The Senegalese government is launching the construction of the Mamelles desalination plant near the capital Dakar. The project has been heavily criticised for its cost and its predictable impact on the coastal environment.
The president of the republic of Senegal, Macky Sall, recently launched the construction of the Mamelles seawater desalination plant near Dakar. The project, which is necessary for the supply of drinking water to the Senegalese capital, is being carried out by the Société nationale des eaux du Sénégal (SONES) in partnership with the Japanese group Nippon Koei.
The Mamelles area, which is now living at the rhythm of the work, extends over two conical volcanic hills located on the Cape Verde peninsula, in Ouakam, one of the 19 Divisional councils of Dakar. Overall, the SONES project involves the construction of a desalination plant on the southern side of the two hills.
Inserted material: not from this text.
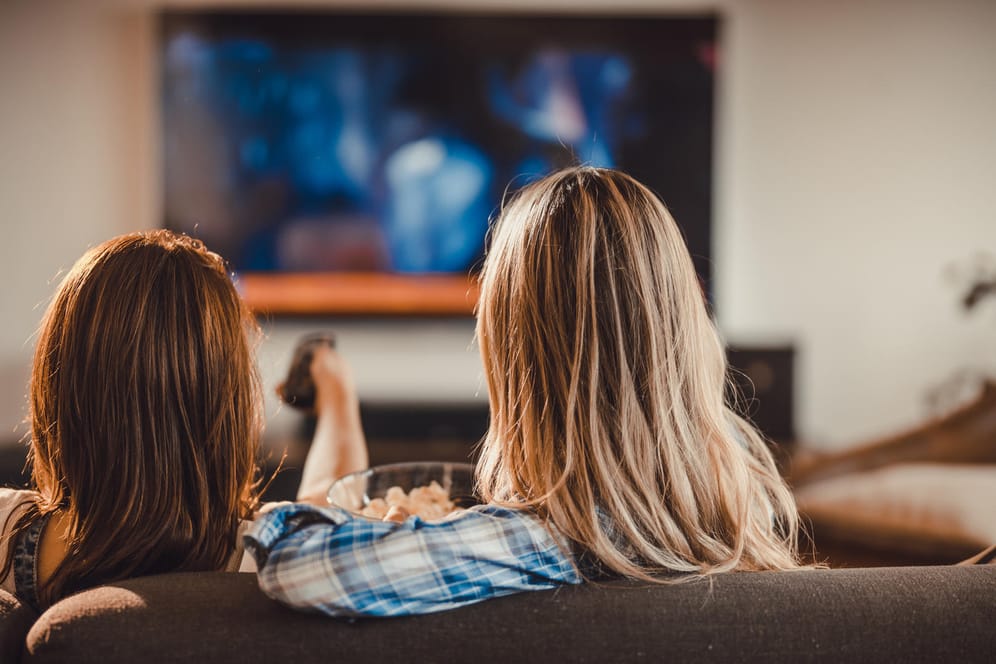 Zwei junge Frauen entspannen vor dem Fernseher: Farbprächtige OLED-Display haben eine Schwäche - sie brennen leicht ein.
The plant, which will treat sea water using the reverse osmosis process, will be capable of supplying 50,000 m3 of drinking water per day, expandable to 100,000 m3.
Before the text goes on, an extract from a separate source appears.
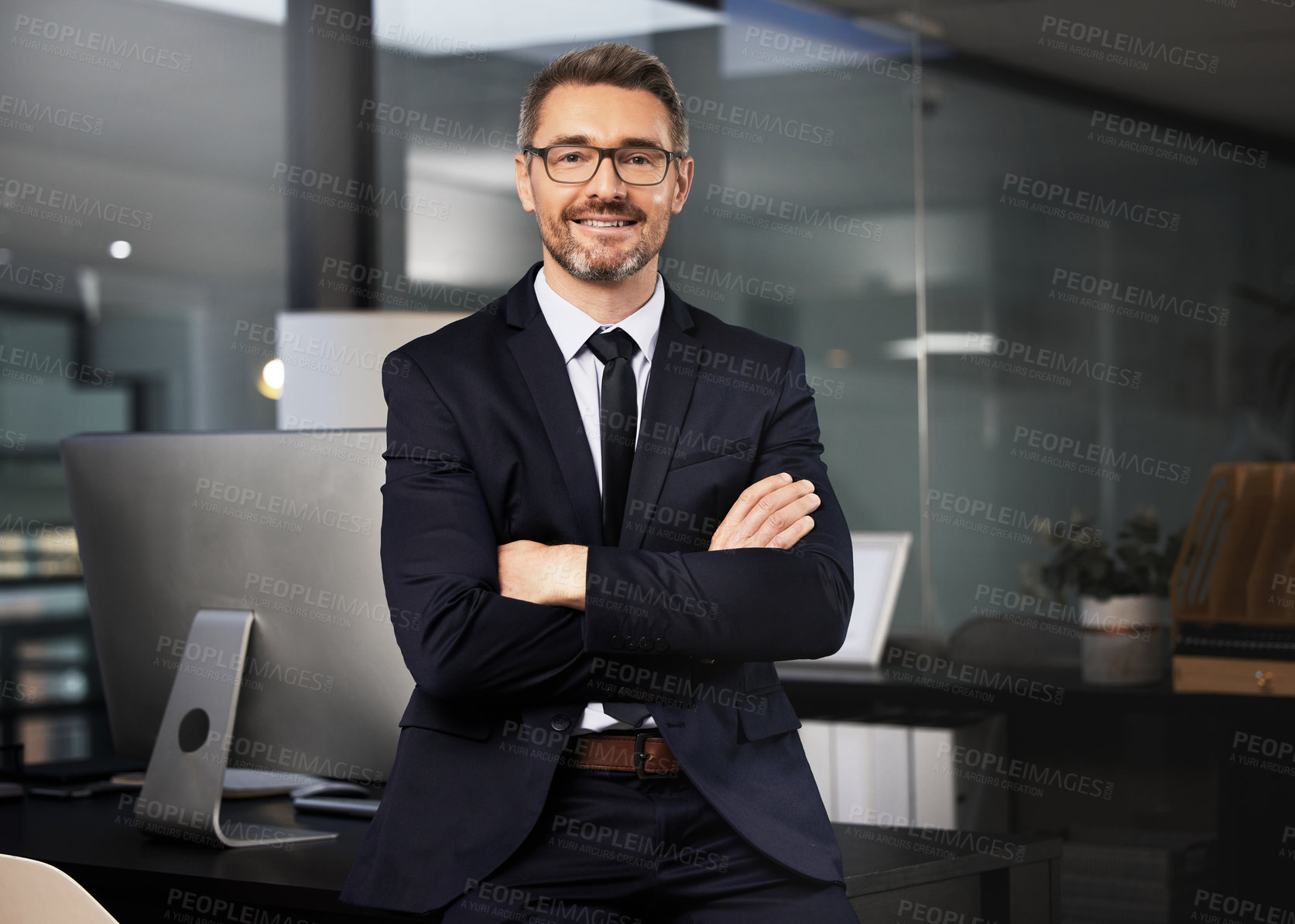 Buy stock photo Portrait of a businessman standing with his arms crossed in his office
Among the facilities planned for this drinking water supply project are a sea water intake, as well as a pipeline for the discharge of waste (brine) from the water desalination process. SONES also plans to build a pumping station for the treated water and to lay a 13.5 km pipeline to connect the station to the Dakar drinking water network.
In the Senegalese capital, SONES will rehabilitate the distribution network and delimit the zones of influence of the distribution and storage reservoirs in order to improve the network’s efficiency. The work will therefore involve the renewal of at least 243 km of pipes. But this plant, the first of its kind to be built in Senegal, is strongly criticised, firstly because of its cost, 137 billion CFA francs (nearly 209 million euros).
The feared impact on the environment
The Mamelles desalination project is financed to the tune of 27.4 billion yen (nearly 200 million euros) via a loan from the Japan International Cooperation Agency (JICA) granted since 2016. The project is also contested for its impact on the coastal environment. The protest is led by fishermen and civil society organisations (CSOs) such as the citizen movement “Y en a marre”.
“This factory will contaminate the aquatic fauna. It is built on one of the few remaining beaches in Dakar whose coastline is privatised. The sellers of sweets, fish and art objects and the businesses on this beach will stop their activities,” laments Cyril Touré, a member of this well-known movement in Dakar. The fishermen are especially worried about the impact of the brine on the fish. For the record, brine is water with a high salt concentration, often discharged at very high temperatures. If not properly controlled, these discharges can affect the marine biodiversity of coastal areas.